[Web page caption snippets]
>>

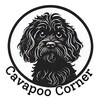 Cavapoo Christmas Cards Pack of 10 Greeting Cards (standard Envelopes ...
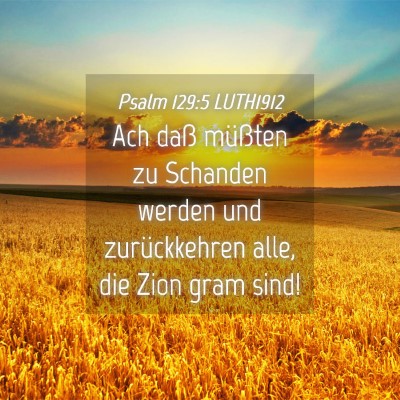 Picture 04 - Psalm 129:5 LUTH1912 - Ach daß müßten zu Schanden werden und - Bible Verse Picture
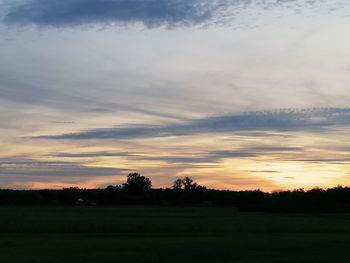 Silhouette trees on field against sky during sunset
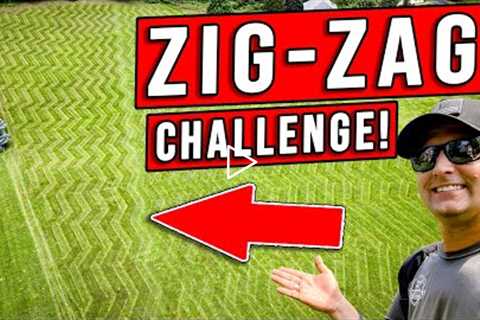 CHALLENGE ACCEPTED! (ZIG ZAG Stripes On Steroids!)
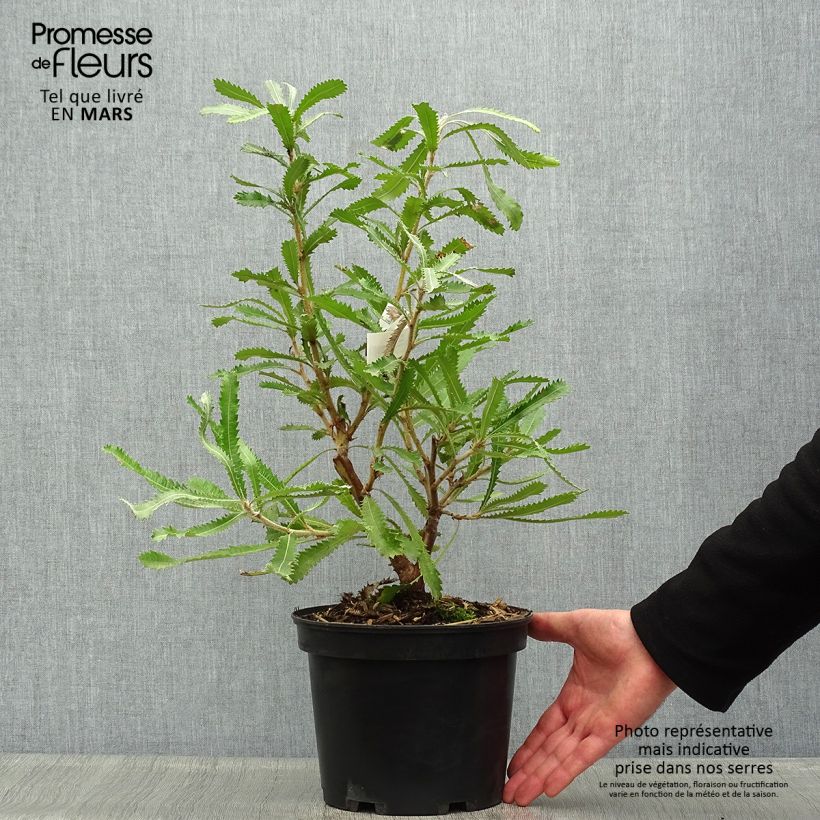 Exemplar von Banksia serrata - Banksie Topf mit 4L/5L wie im Frühjahr geliefert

<<

### Problem to solve
If a record contains a picture, drop the picture and repeat the rest exactly.

### Answer to the problem
 Cavapoo Christmas Cards Pack of 10 Greeting Cards (standard Envelopes ...
 Picture 04 - Psalm 129:5 LUTH1912 - Ach daß müßten zu Schanden werden und - Bible Verse Picture
 Silhouette trees on field against sky during sunset
 CHALLENGE ACCEPTED! (ZIG ZAG Stripes On Steroids!)
 Exemplar von Banksia serrata - Banksie Topf mit 4L/5L wie im Frühjahr geliefert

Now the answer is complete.